## EXERCISE OBJECTIVE
Without the pictures, print the lines from the one holding "In this video we" through the last line below, both included, exactly as they stand.

(Dataset entries)
◇ ◇ ◇ ◇ ◇

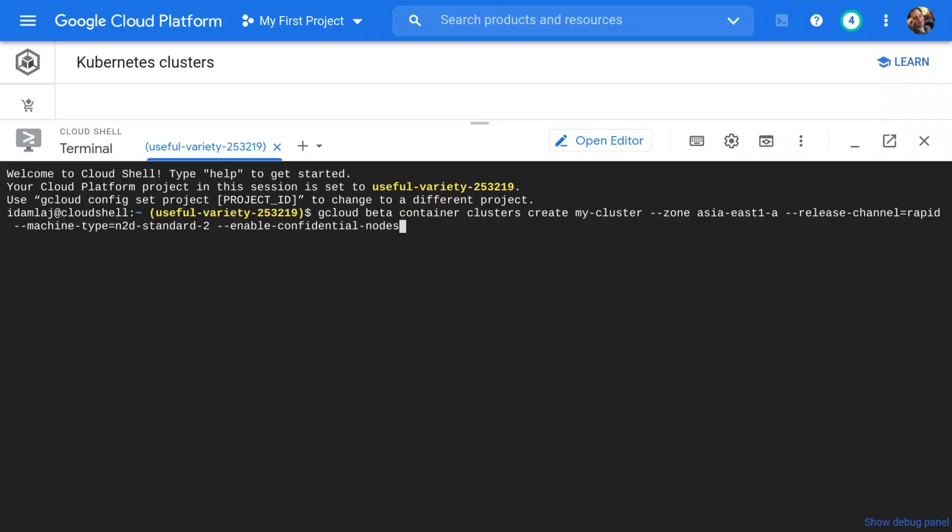Confidential GKE nodes is a simple cluster toggle that configures your GKE cluster to use confidential VMs in its node pools. Your nodes and the workloads running on top of them are encrypted in use. To create a cluster with confidential GKE nodes enabled, it's as simple as adding this toggle at cluster creation.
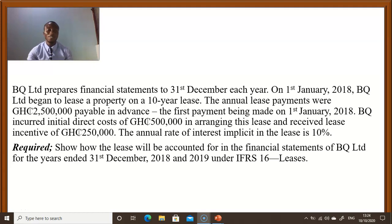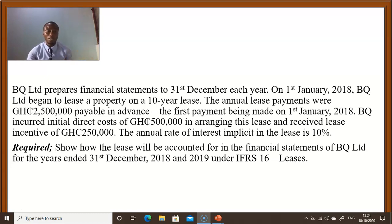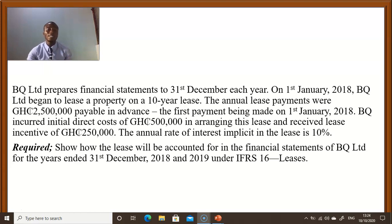Hello there, welcome to Teacher's Review Online. Today we are continuing with our tutorials on IFRS 16. In an earlier video I showed you how a lessee will account for a situation where lease payments are made in arrears, that is where lease payments are made at the end of the year. In this video I'm going to show you how the lessee accounts for a situation where the lease payments are made in advance or at the beginning of the year. Please subscribe to the channel, like, comment, and share the videos. Thank you very much.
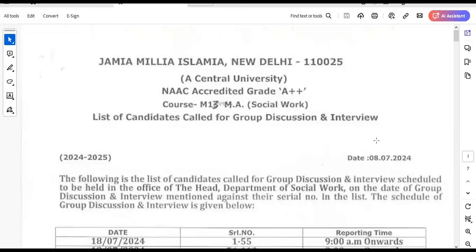Welcome students, welcome back. The latest news is that Jamia has declared a main MBA and MSW list for group discussion and interviews.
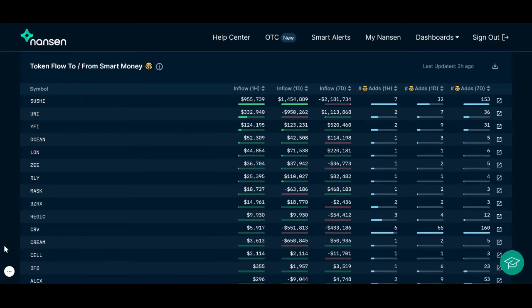Under the Token To and From Smart Money chart, you can view which tokens are coming in and out of Smart Money wallets. We are showing the inflows and outflows within the last hour, day, and week.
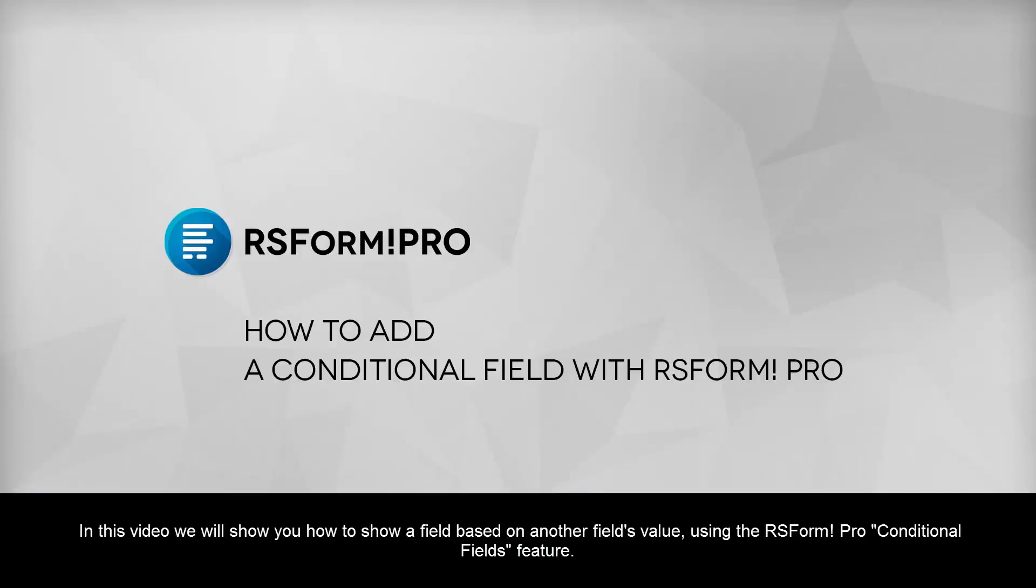In this video we will show you how to show a field based on another field's value using the RSForm Pro Conditional Fields feature.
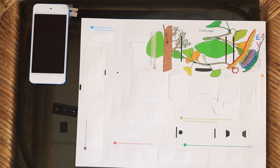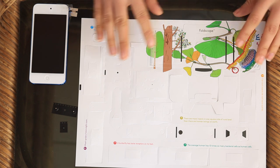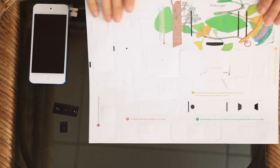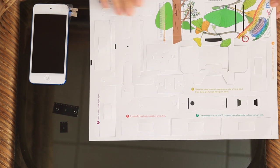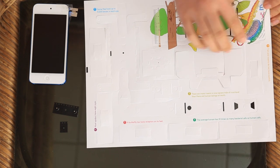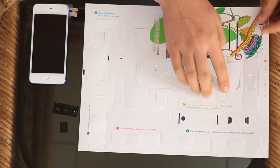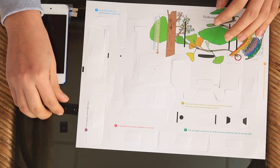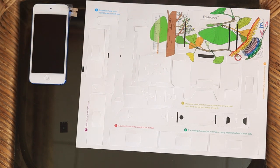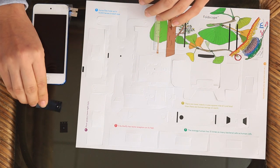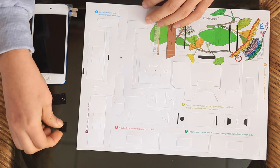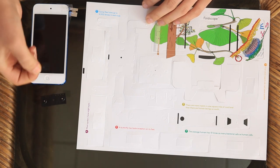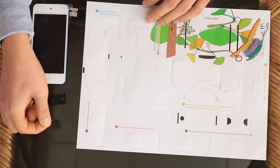A Foldscope starts off as three basic parts. You have a sheet of paper that's been cut in various ways, you have a magnetic coupler, and you have a lens, which is the most important part.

◇ ◇ ◇ ◇ ◇

## RESPONSE TO THE EXERCISE
In this video we will show you how to show a field based on another field's value using the RSForm Pro Conditional Fields feature.
A Foldscope starts off as three basic parts. You have a sheet of paper that's been cut in various ways, you have a magnetic coupler, and you have a lens, which is the most important part.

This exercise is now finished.